If poetry cannot solve the problems of the here and now, then we are in deep shit. And we are in deep shit.

And if a handbag is a handbag is a handbag is a handbag is no more than the resonance of once being innovative, then we are enjoying rhythm rather than getting into the complexities of an exploration that mirrors those difficulties.

Quick aside on this route: in a lifetime, I have not had more cups of tea then can be counted on two hands. The only one I truly remember was at a backyard fence next to the field where I was stacking and securing bales of straw on a trailer.
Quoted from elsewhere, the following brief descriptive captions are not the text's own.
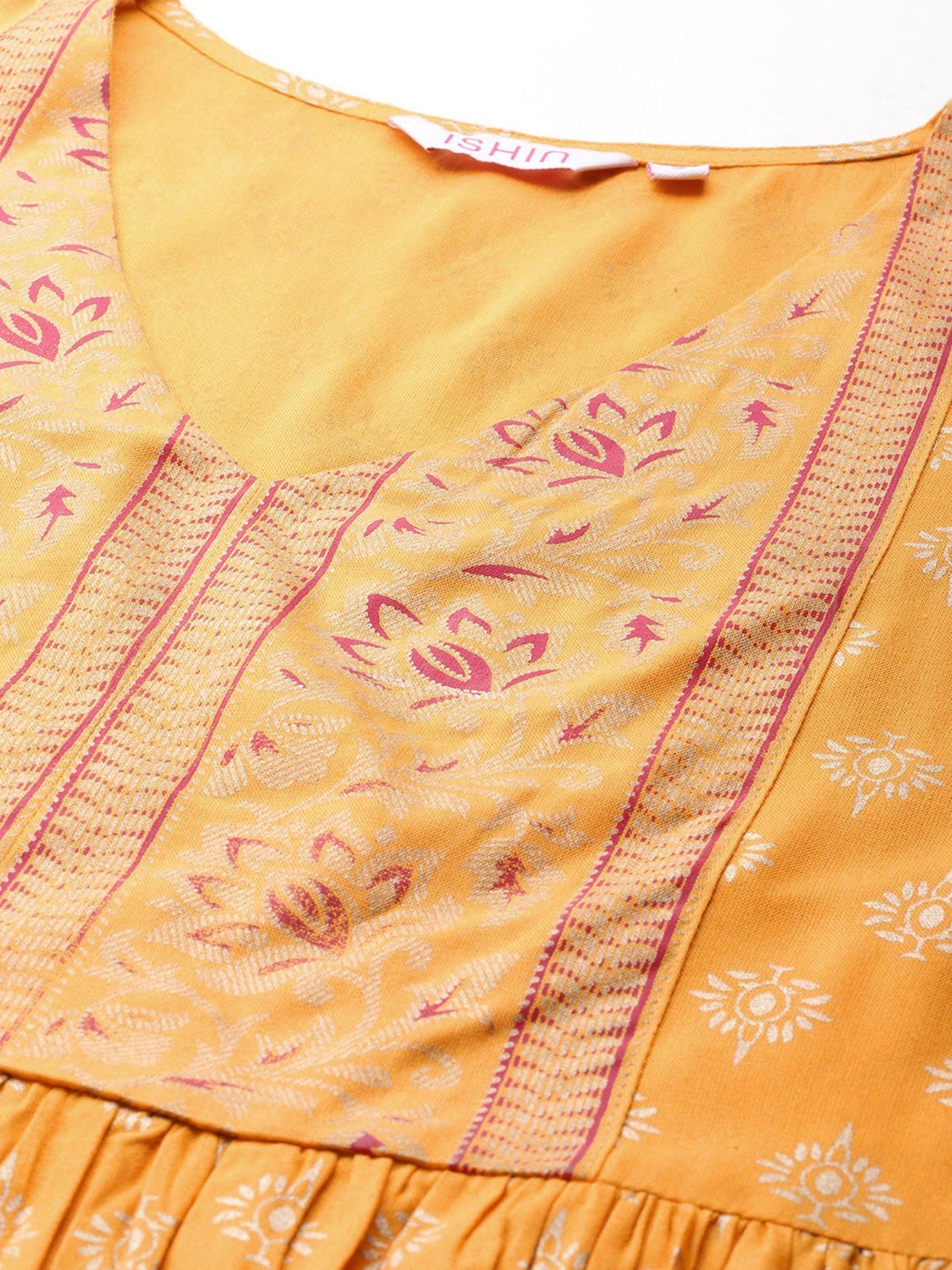 ISHIN Women's Viscose Rayon Ethnic Motifs Mustard Anarkali Kurta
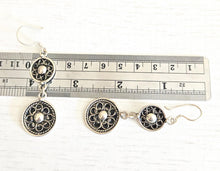 Load image into Gallery viewer, Moroccan Berber Enamel Sterling Silver Dangle Earrings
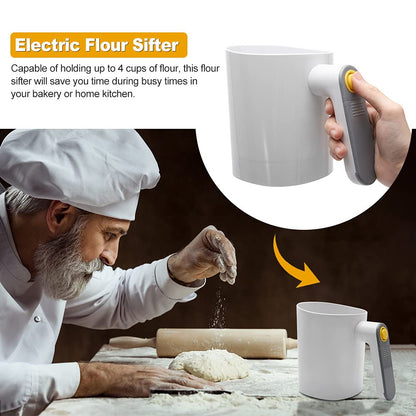 Electric Flour Sifter, Handheld Battery Operated Stainless Steel Mesh Shaker, Fine Mesh Cup Shape Powder Shaker Strainer Kitchen Cooking Baking Pastry Tools 4 Cup/1L Capacity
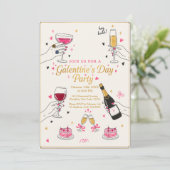Hé schat Galentines-feest wijn cake Kaart (Staand voorkant)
She offered and I felt it was only polite to accept.

In this chapbook’s closing sequence of poems, A new feudalism, Andrew Nightingale does explore the tease / promise / deception / fantasy and ‘incurable hope’ of all of this as ‘The market with its deathless charm [which] has no aim, no foreseeable conclusion’.

We know this – and don’t we just, after the past few weeks of it marketing itself through the Sunak/Truss snakeoil extravaganzas – and poetry continues its struggle to illuminate and interrogate,

‘The feudalism of the muse has been replaced by the pornography of the banks.’

I corrupt that line to my purposes, but I think I am entitled to do so in The Market.

And this is my perplexed – delightfully so – reading of these eight pages of prose poem texts where ‘Whispers of doubt circulate in the square’ of their presentations: doubt and insights like ‘Keep showing us glorious private heavens in public spaces, the same secret desires written on pained faces’

What is so impenetrable about the obvious deceit and corruption? Is it really just ‘radio interference’? This sequence presents for me an intense look into the paradoxes and conflicts in what is so palpably controlling and destructive, the ‘Spirit voices’ and ‘private abysses.’

Back to tea and therefore Tea dance in nine songs, even with ten fingers (as I’ve indicated) I am unsure where to pitch my knowing. But I don’t need to: these are aural poems, if you simply listen, luxuriating in their aromas, as in 4. Lapsang Souchong,

‘Bewitched, oxidised and withered over pinewood fire,
Then ceremonial smoke and the fight begins,
The shaman’s tongue forks, she swallows the knife
And coils up into the air. She aspires for the West
Where she will tinge sunsets Krakatoan pink.’

There is a narrative thread across all nine of these and they really are quite elegant in the telling.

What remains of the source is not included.